Siente tu mirada y sonríe, pero no te mira. Si abandona
el punto fijado en el infinito se desplomará como un castillo de naipes. Grita
de esfuerzo y de placer antes de aunar fuerzas y atención para tratar de
desplazarse. De repente se mueve. El dragón se siente gato y mueve ese cuerpito
con inmenso esfuerzo. ¡Oh! –exclaman sus ojos- no sabe porqué se mueve hacia
atrás. Se sorprende (y se entusiasma) al descubrirse a sí misma en movimiento. Ruge al no entender
porqué cada vez está más lejos de su objetivo.

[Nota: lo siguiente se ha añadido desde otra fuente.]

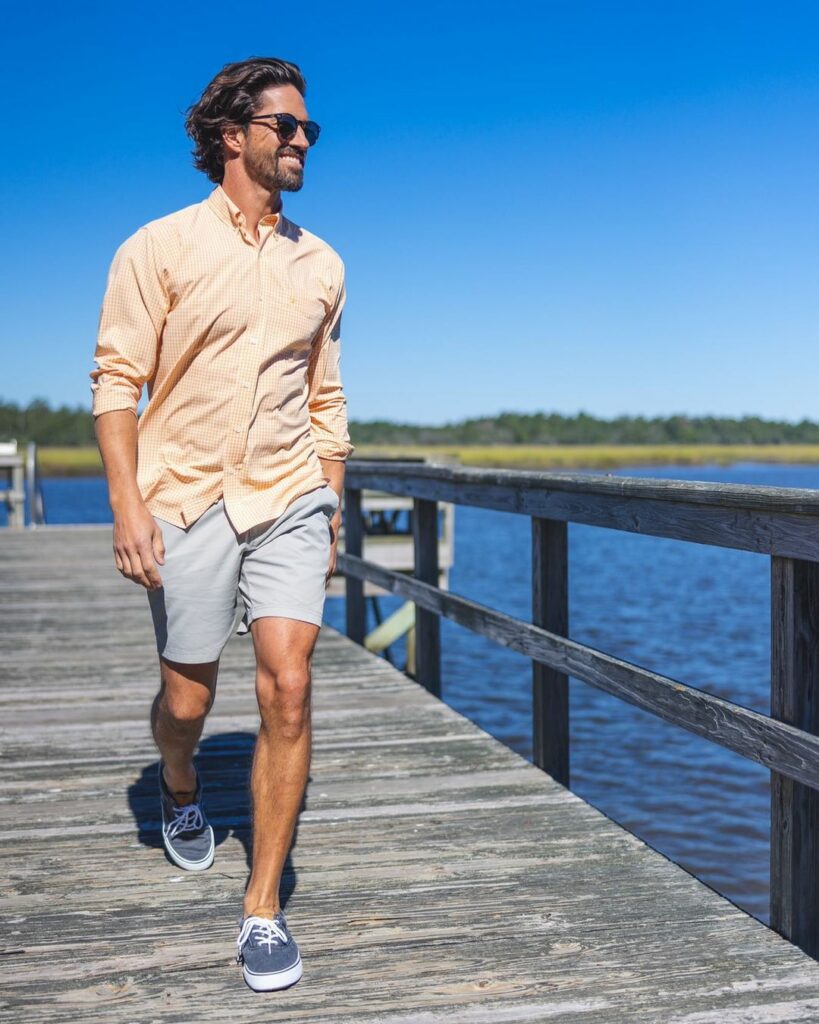 guy wearing shorts with shirt outdoor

El enfado le hace perder la
fuerza y el pañal le pesa demasiado. Deja caer la cola y en vez de gato parece
lagarto que se arrastra (también hacia atrás) libre y alegre. Solo cuando hace tope con una pared
pide ayuda para volverse a sentar allá, entre las mantas y almohadones que ya
poco le pueden proteger.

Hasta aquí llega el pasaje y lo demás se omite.